Among the generated questions, 8.75% are nonsensical, while 3.00% are well-formed but unanswerable using the generated summary they were conditioned upon. These figures indicate that the vast majority of questions are understandable and on-topic. We frequently observe multiple questions with slightly different wordings, which is likely due to the low number of answer candidates in XSUM summaries (which are one sentence long) and due to beam search. 8.25% of questions are well-formed but unanswerable using the source, which is usually due to a hallucinated fact in the summary that the QG model turns into a question.

Among predicted answers, 1.75% of questions are potentially answerable using the summary, but are incorrectly answered. This percentage increases to 32.50% for the article, which indicates that the transfer ability of the QA model is lacking. In a small number of cases, we found that while a question had a single answer in the summary, it could have multiple answers in the article.

Finally, for 8.00% of the examples, the question is answered correctly using both the article and summary, but the answers have high lexical variation such that F1 score fails to detect their similarity. While this happens in a relatively small number of cases, exploring similarity metrics other than -gram based approaches could be useful.
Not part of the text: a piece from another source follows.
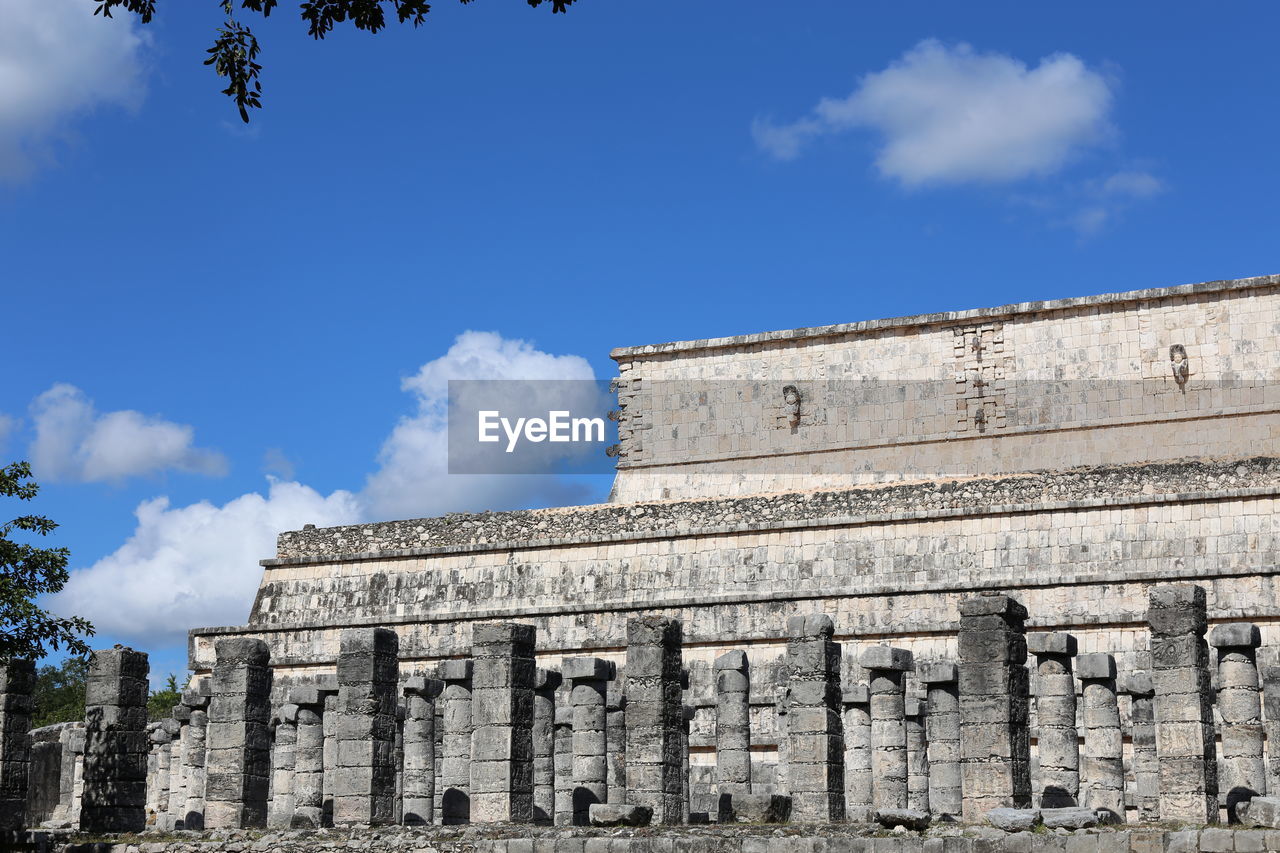 Low angle view of old building against sky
We emphasize that QAGS and our overall framework are specifically designed to detect factual inconsistencies in generated summaries relative to the source article. QAGS does not measure other desirable properties of generated text, including fluency, readability, or factual recall. We therefore recommend using QAGS in conjunction with complementary evaluation metrics.

The choices of QG and QA models in QAGS are particular to abstractive summarization and may require adaptation to be used for other conditional text generation tasks. For example, we expect that extractive summarization models may obtain nearly perfect QAGS scores because facts and statements are directly copied from the source article.

8 Related Work

Automatic summarization and its evaluation are long-standing lines of work in NLP, dating at least as far back as the Document Understanding Conferences (Chali and Kolla, 2004). The primary evaluation metric then and now is ROUGE (Lin, 2004), though much work has demonstrated the limited ability of ROUGE and its relatives to evaluate summaries (Dorr et al., 2004; Liu and Liu, 2009; Kedzie et al., 2018, i.a.). Other metrics have focused on specific aspects of summarization quality, including content selection (Nenkova and Passonneau, 2004), relevance prediction (Daume III and Marcu, 2005), and many more.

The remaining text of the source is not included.